Accountant in Colchester
Tax & Accounting for Colchester Businesses
Colchester CO1-CO4 is an Essex city, Britain's oldest recorded town, with a strong professional-services, tech, creative and garrison economy, the University of Essex, a historic town centre, and a fast rail link into Liverpool Street. The city has a substantial professional, contractor, self-employed and small-business community, a significant student-let and buy-to-let landlord market, and a steady commuter population.
That gives Colchester a varied accounting profile. The professional, tech and creative firms need full company accounting and sometimes R&D claims. Contractors and commuters need Ltd company structures and IR35 assessment. The town-centre businesses need retail and hospitality bookkeeping. Student-let landlords need HMO-aware advice. And the landlord market needs Section 24 planning. We work with Colchester clients entirely online, with fixed monthly fees.
💡 As an HMRC-registered agent we deal directly with HMRC on your behalf, so you never have to spend hours on hold or navigate their website yourself.
Real Client Story
How we saved a Colchester professional-services contractor £8,400 a year
Client R is a Colchester-based management and IT consultant working through a Ltd company on contracts with corporate and public-sector clients in the region and London. The company had been set up without much advice, salary set sub-optimally, no dividend planning, no pension contributions, and no documented IR35 assessment of the contracts.

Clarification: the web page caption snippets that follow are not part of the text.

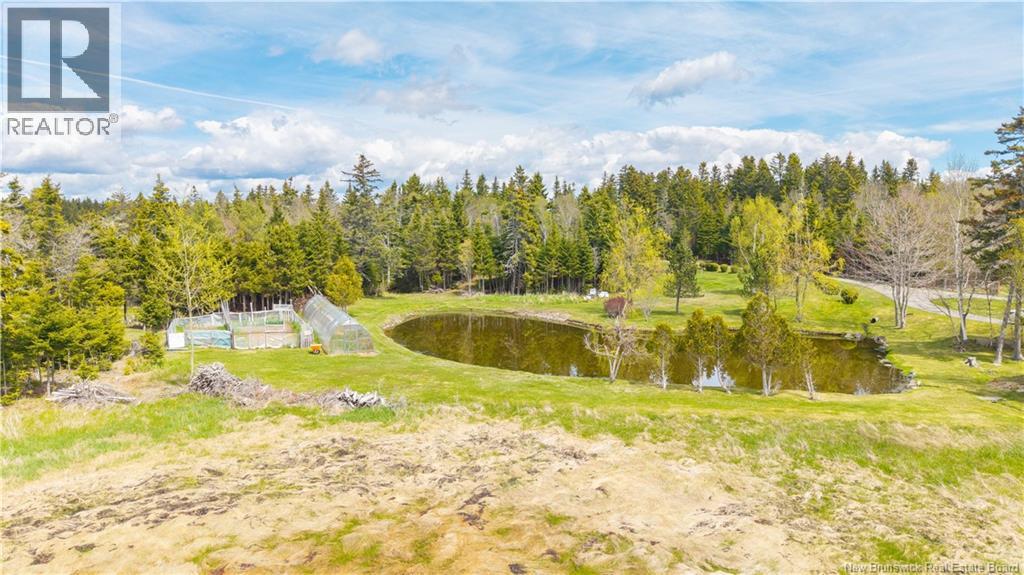 60 Meadowbrook Lane, L'etete, New Brunswick E5C 2P1 - Photo 49 - NB140309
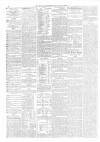 Bradford Observer Friday 27 August 1869 Page 2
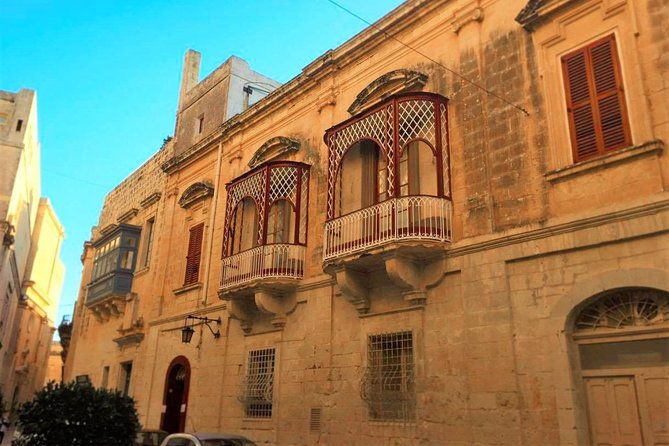 mdina-and-rabat-private-walking-tour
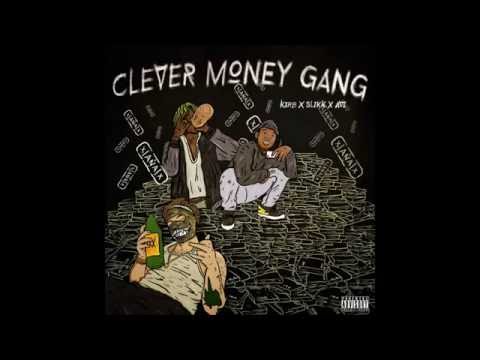 KirbLaGoop x Avi Twat x Ruben Slikk - 02 2 Cell Phones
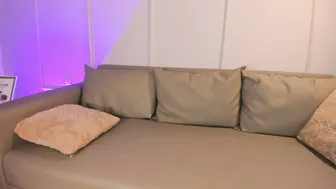 Sophiebloomm 27 December 2025 xxx chat
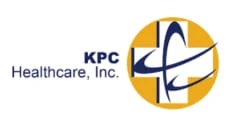 KPC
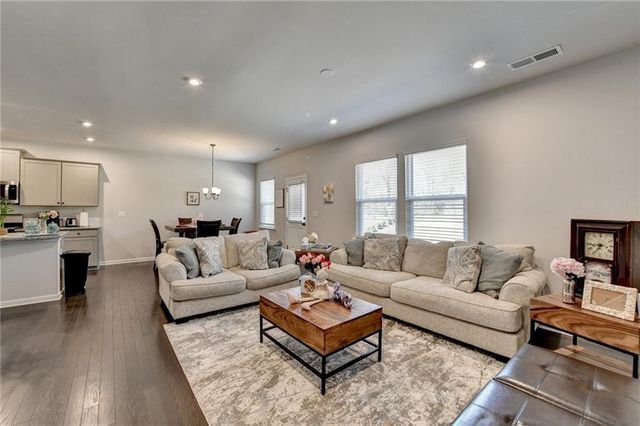 3173 Lowell Road, Bethlehem, GA 30620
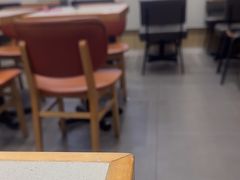 -喜家德虾仁水饺(华强天虹店)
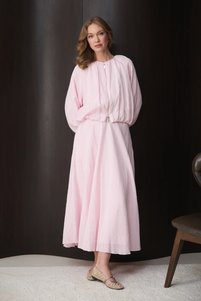 Related product image Melike Tatar Two Piece Sets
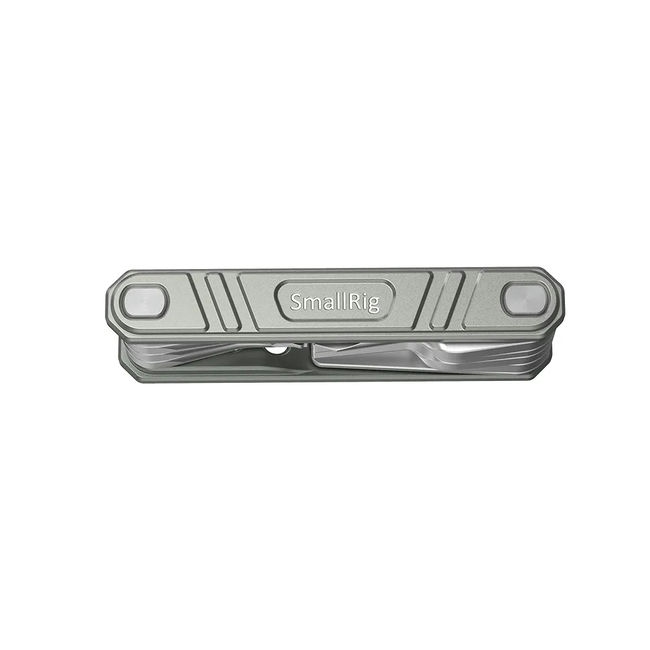 Smallrig Tc2713 Bo Dung Cu Da Nang 9in1 3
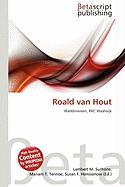Roald van Hout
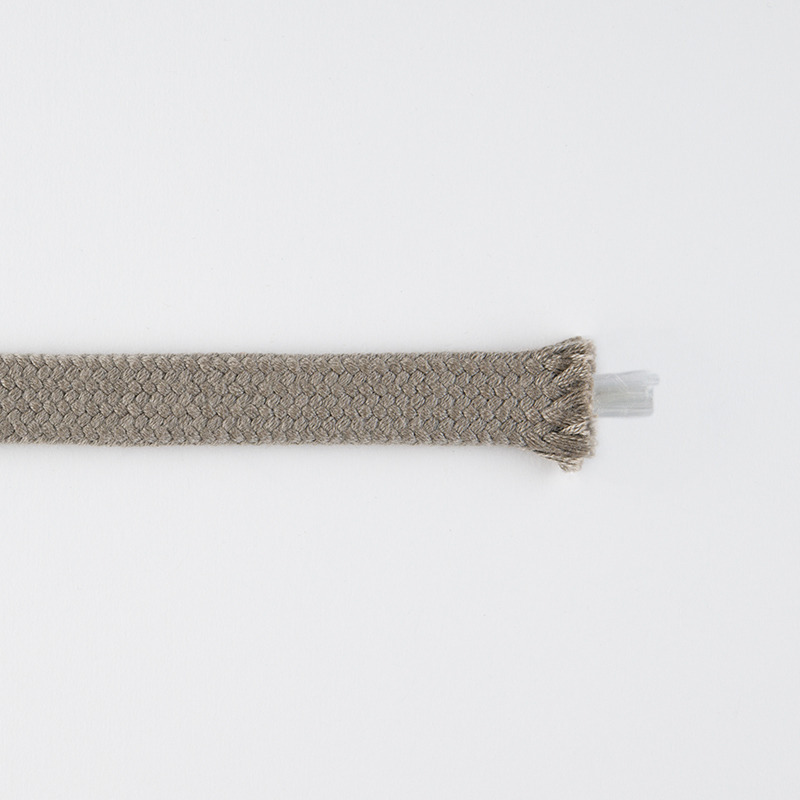 F606_18_AG_ROPE_SPECIAL MINERAL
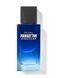 Парфуми Bath & Body Works Manhattan Nightcap KV1888 фото 1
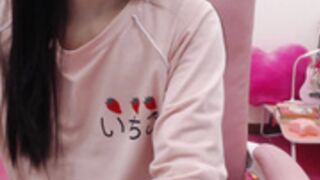 babydollasian586 672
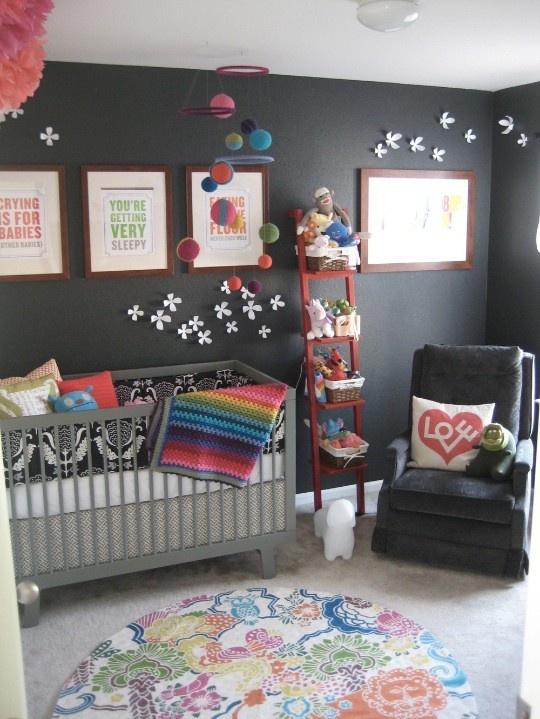 habitaciones para niños, habitaciones infantiles, la casita de Martina Blog de Moda Infantil y Moda Premama habitaciones para niños, habitaciones infantiles, la casita de Martina Blog de Moda Infantil y Moda Premama
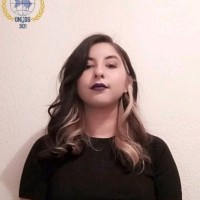 Natalia Del Valle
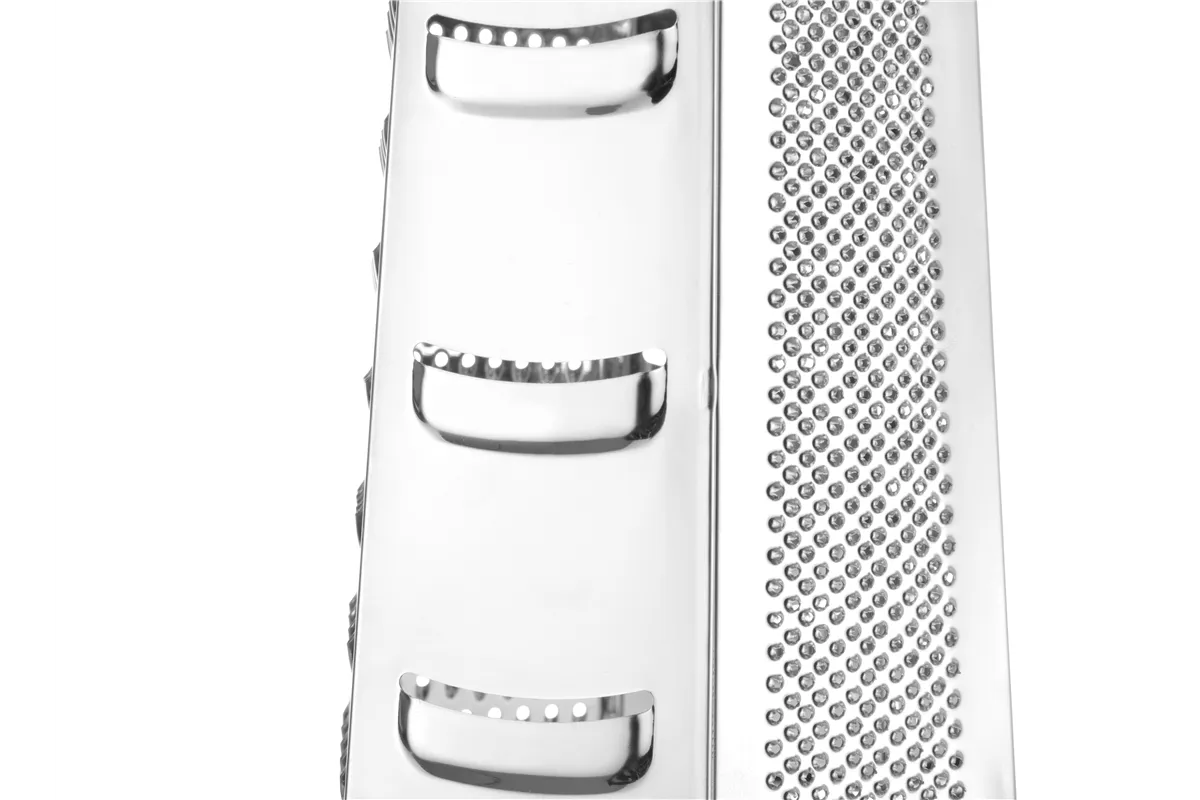 Tarka 6-stronna, 135x113x215mm Hendi 443033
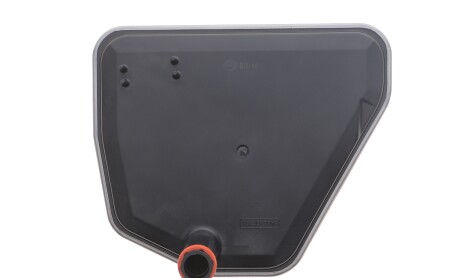 Фото 5 - Автозапчасть ELRING B00.930 (B00930)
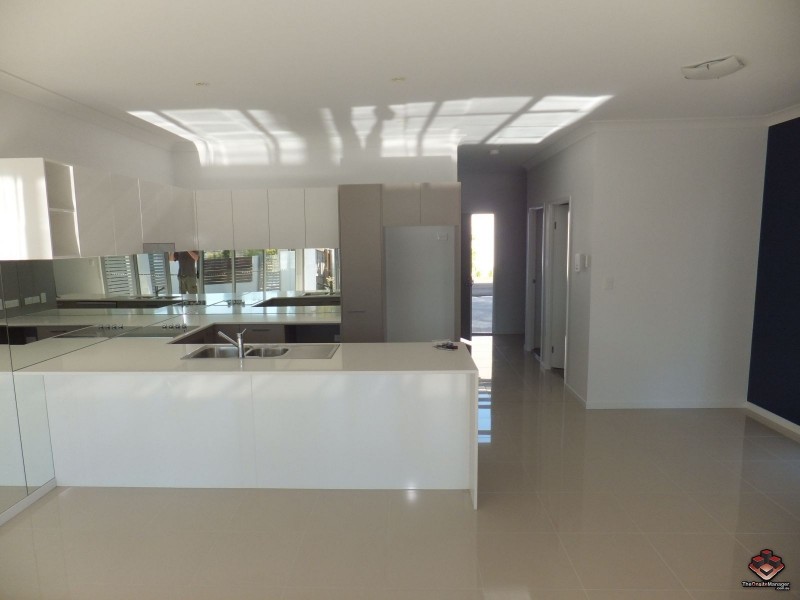 09/41 Macadie Way, Merrimac QLD 4226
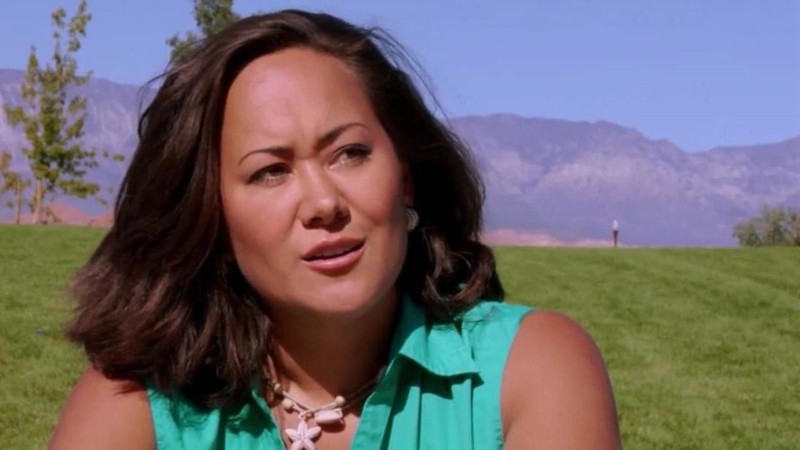 After Porn Ends (2012) MUBI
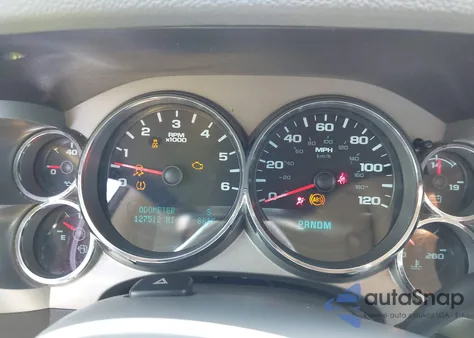 2013 GMC Sierra Sle from USA, damaged, VIN 3GTP1VE01DG206009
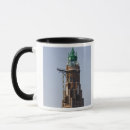 Search for harbour mugs Exterior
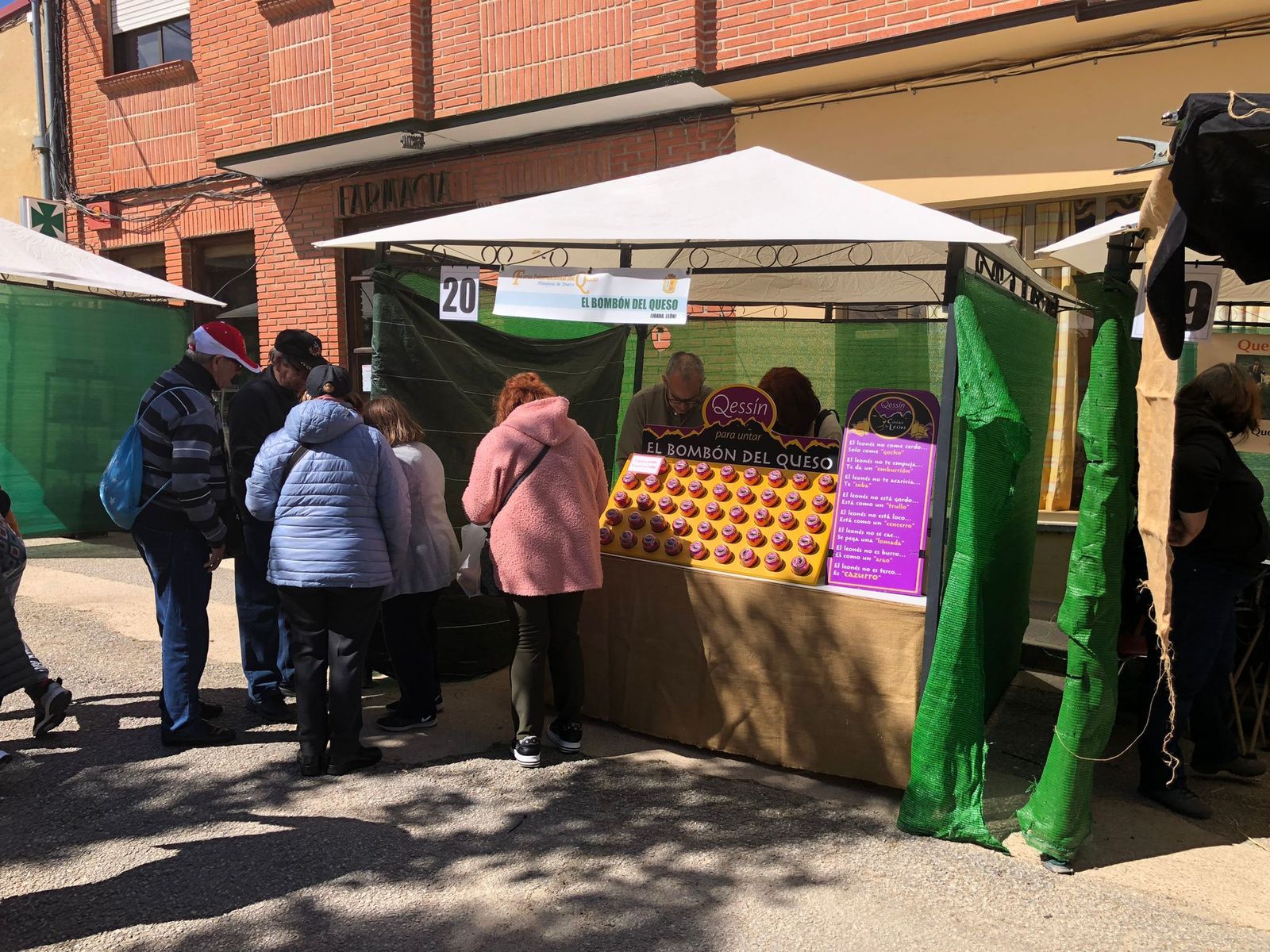 whatsapp-image-2024-05-04-at-11-58-12-1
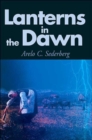Lanterns in the Dawn - Book
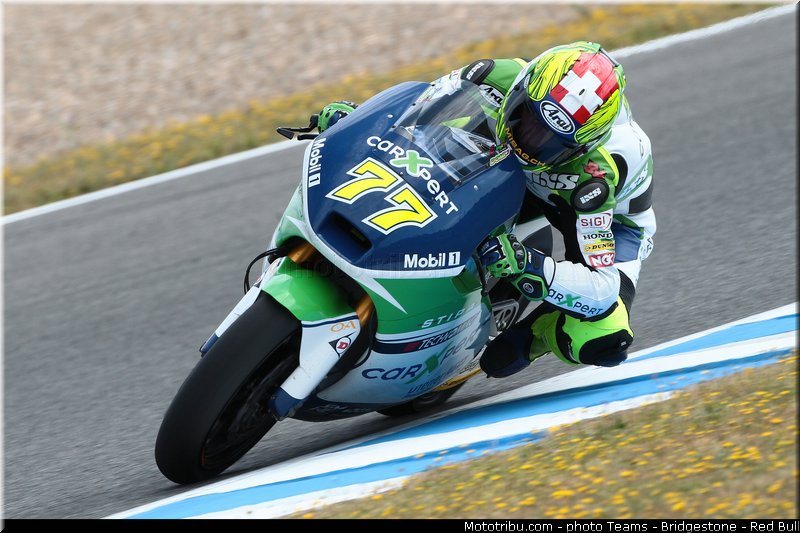 moto2_aegerter_005_espagne_jerez_2013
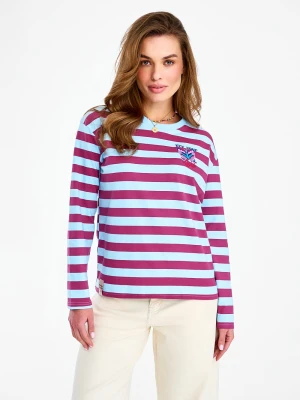 Longsleeve Your Luck x Cecilia Petterson XS/S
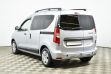 Renault Dokker 1.6 МКПП, 2019, 52 000 км превью 3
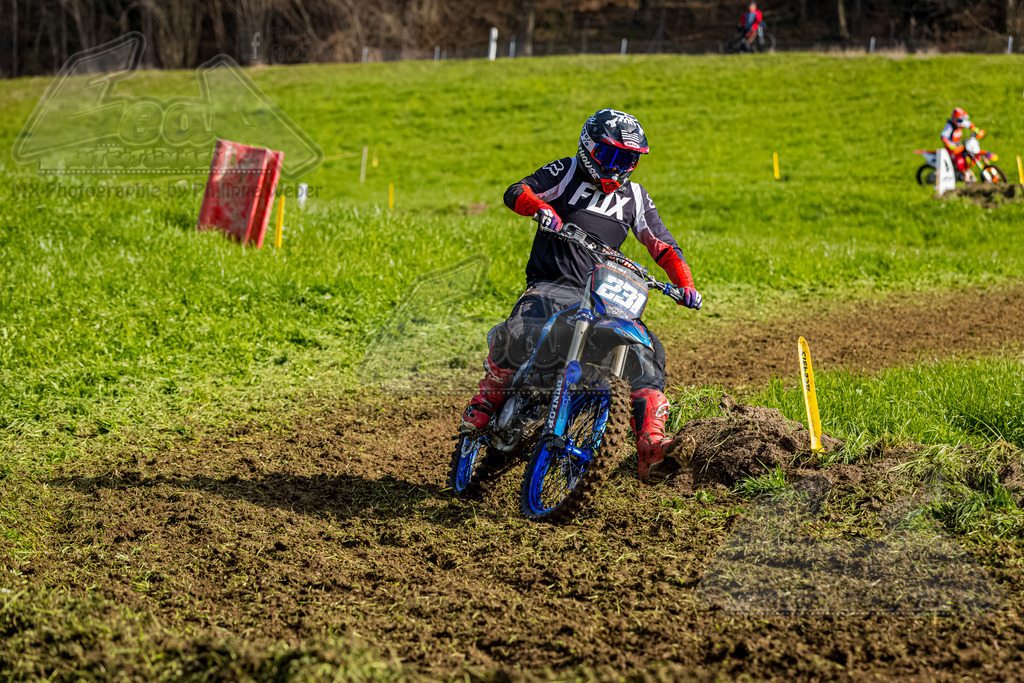 070A0098 | EeaA-Entertainment fotografiert für den SAM - Schweizerischer Auto- und Motorradfahrer-Verband und das Motor Journal in der Sparte Motocross, MX Photographie, Schweiz, SAM, MXRS, Swiss MX Network, Motocross Fotografie, MX Fotografie, Fotograf, Photographi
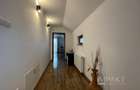 Casa  cu 4 Camere si Garaj in Cartierul Someseni, Cluj-Napoca - 9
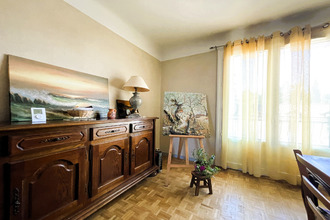  appartement perigueux 24000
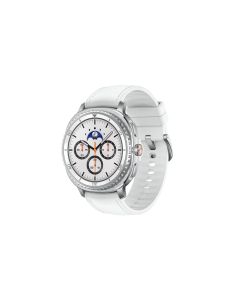 Samsung Watch8 Classic BT White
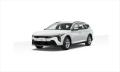 Kia K4 1.0   T-GDI SW 7DCT SPIN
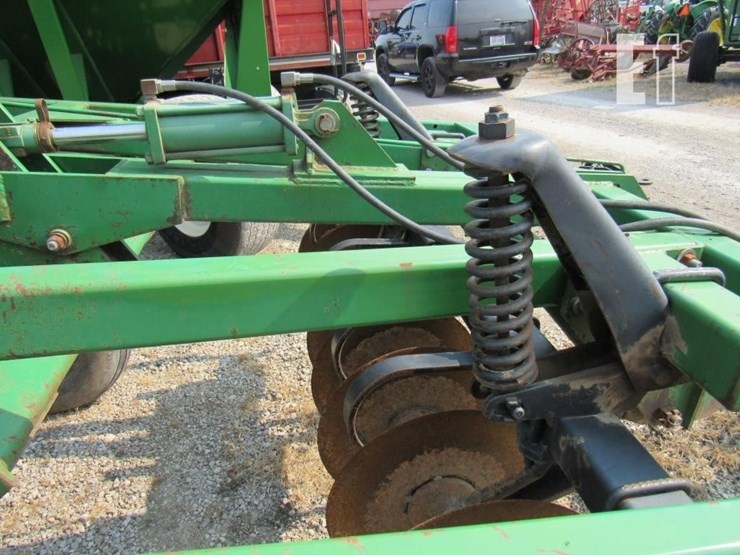 1988-john-deere-714-image-3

We reviewed everything. We assessed and documented the IR35 status of each contract (outside, given genuine substitution rights, multiple clients and control over delivery), restructured the remuneration to salary at the NIC-optimal level plus dividends, and set up an employer pension contribution of £23,000 a year to his SIPP, tax-deductible for the company and a highly efficient extraction.
Total outcome: annual tax saving of £8,400 through proper remuneration structuring and pension contributions, a documented IR35 position protecting against challenge, and £23,000 a year going tax-efficiently into his pension.